*Work task*. Images should be left out, and everything else in the listing reproduced exactly.
———
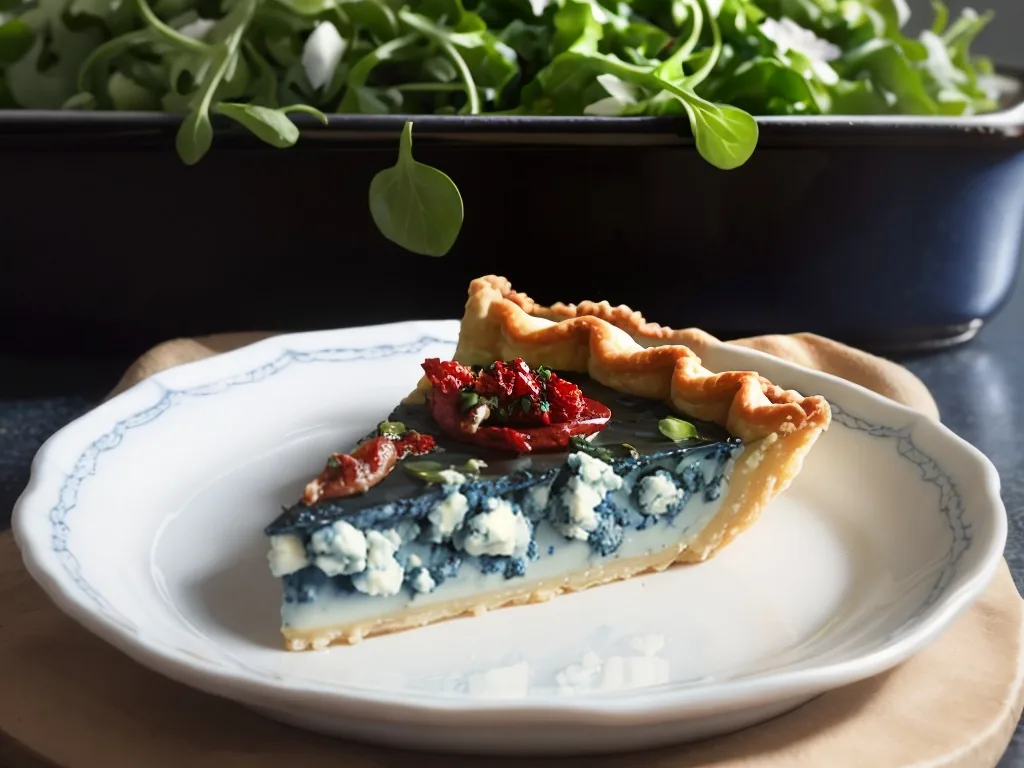 Blue cheese tart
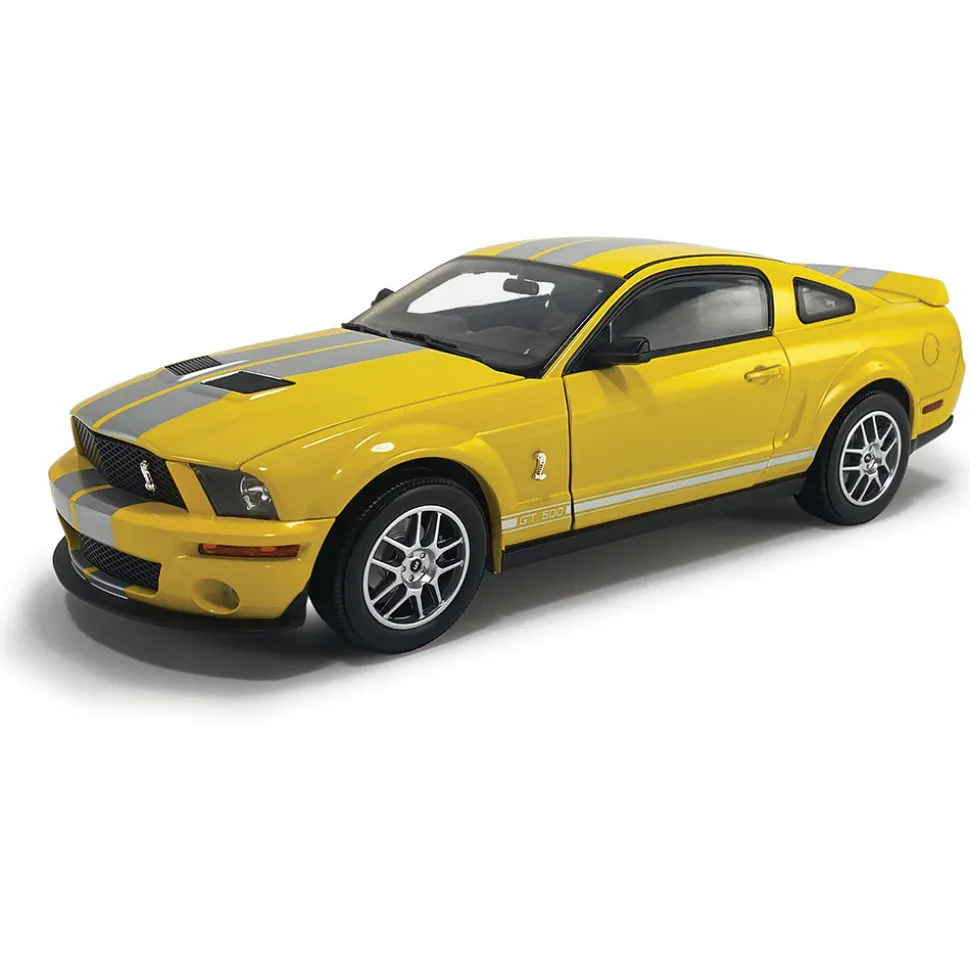 2007 Ford Mustang G.T. 500 - Yellow 1:18 Scale Diecast Model Car by Shelby Collectibles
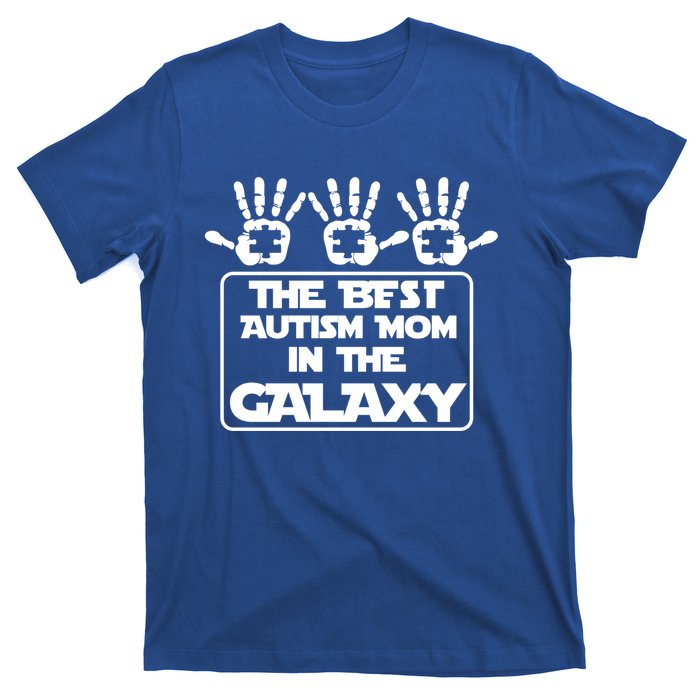 Autism Awareness Gift For Best In The Galaxy Autism Mom Gift T-Shirt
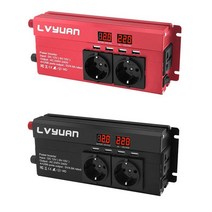 유사계단파 인버터 12V 차량용 캠핑용 2000W, 2600W(RD-1526F2레드)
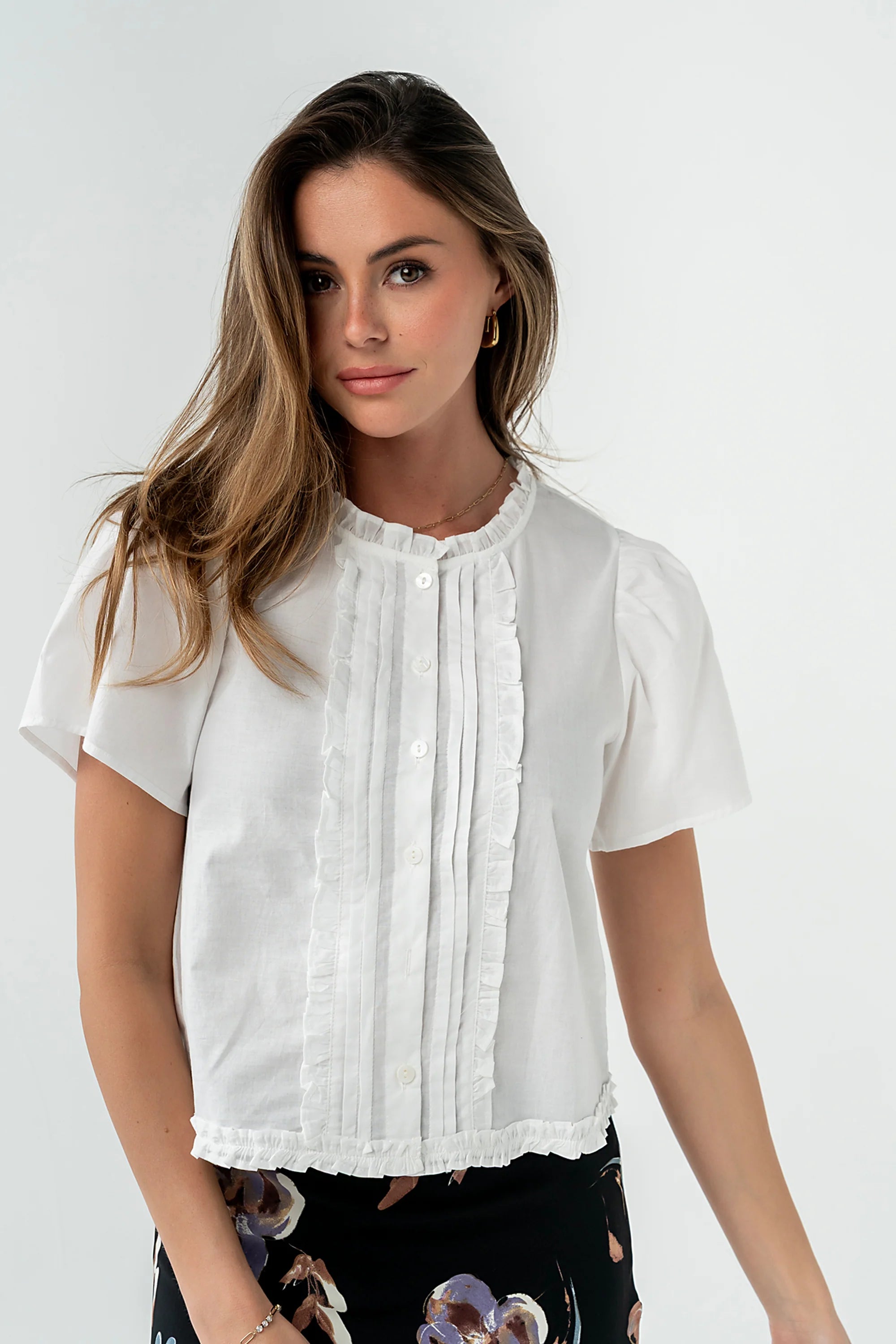 Vince Sheer Blouse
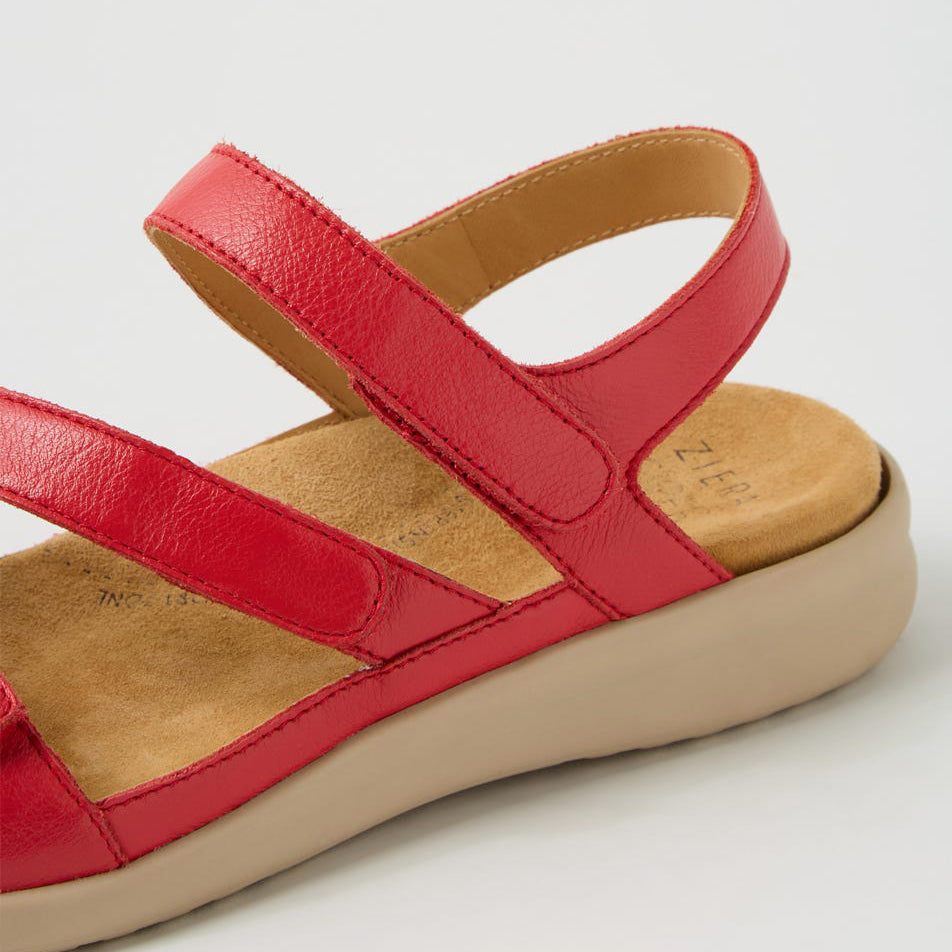 ZIERA BOYDE RED ALMOND - Women Sandals - Collective Shoes 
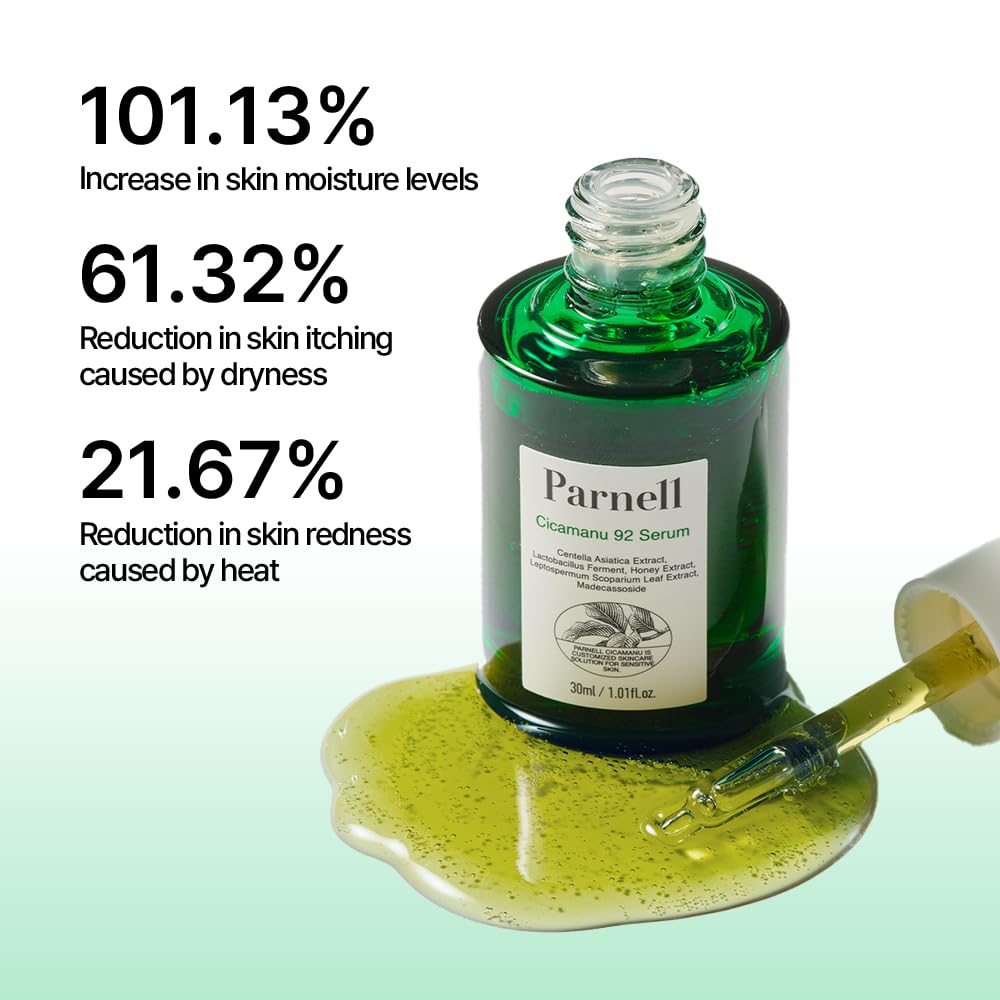 Parnell 30ml size comparison next to a credit card, clear scale and portability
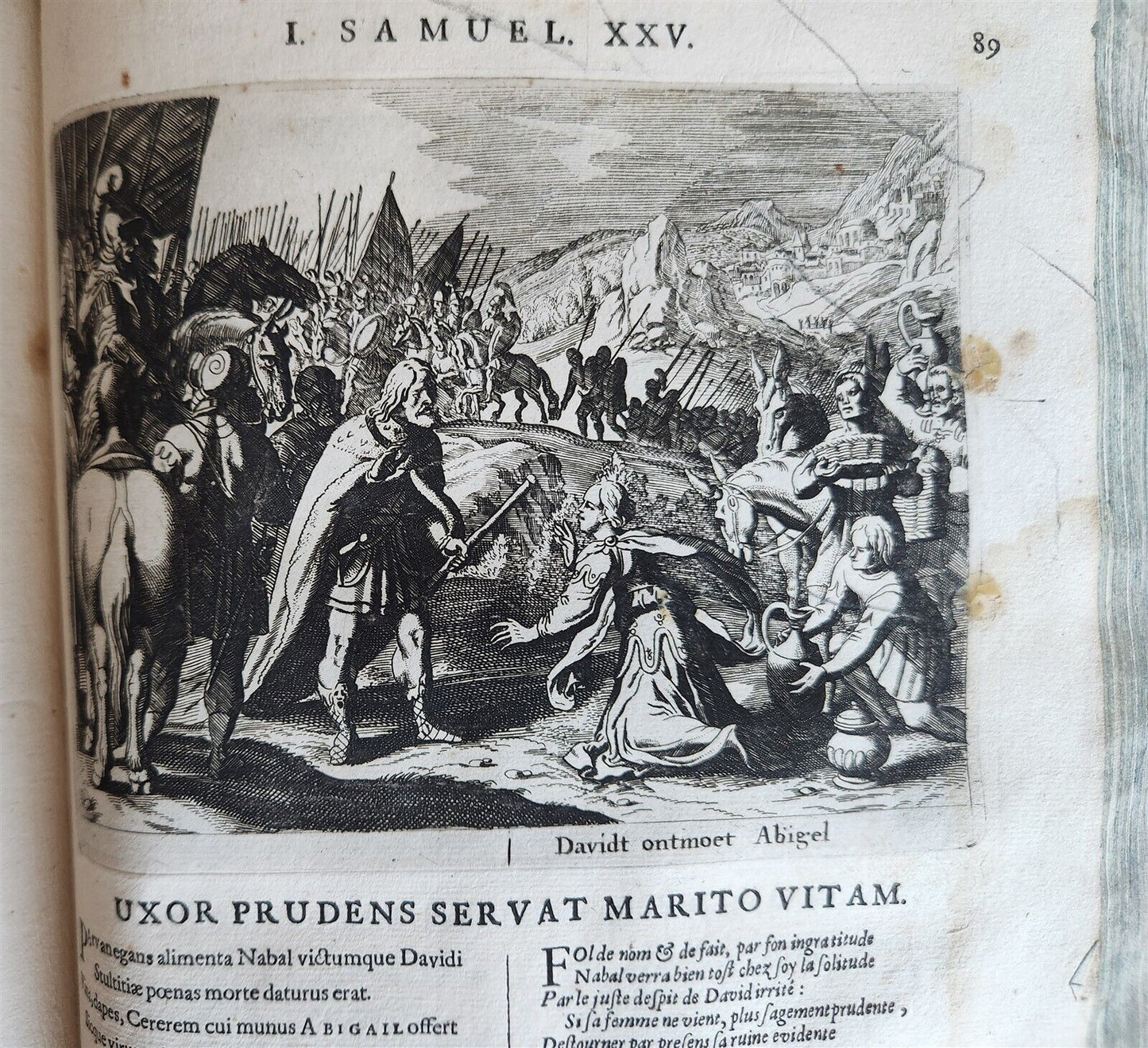 1659 FIGURES OF THE BIBLE in DUTCH antique ILLUSTRATED w/ 233 ENGRAVINGS vellum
———
*Result of this exercise*.
 Blue cheese tart
 2007 Ford Mustang G.T. 500 - Yellow 1:18 Scale Diecast Model Car by Shelby Collectibles
 Autism Awareness Gift For Best In The Galaxy Autism Mom Gift T-Shirt
 유사계단파 인버터 12V 차량용 캠핑용 2000W, 2600W(RD-1526F2레드)
 Vince Sheer Blouse
 ZIERA BOYDE RED ALMOND - Women Sandals - Collective Shoes 
 Parnell 30ml size comparison next to a credit card, clear scale and portability
 1659 FIGURES OF THE BIBLE in DUTCH antique ILLUSTRATED w/ 233 ENGRAVINGS vellum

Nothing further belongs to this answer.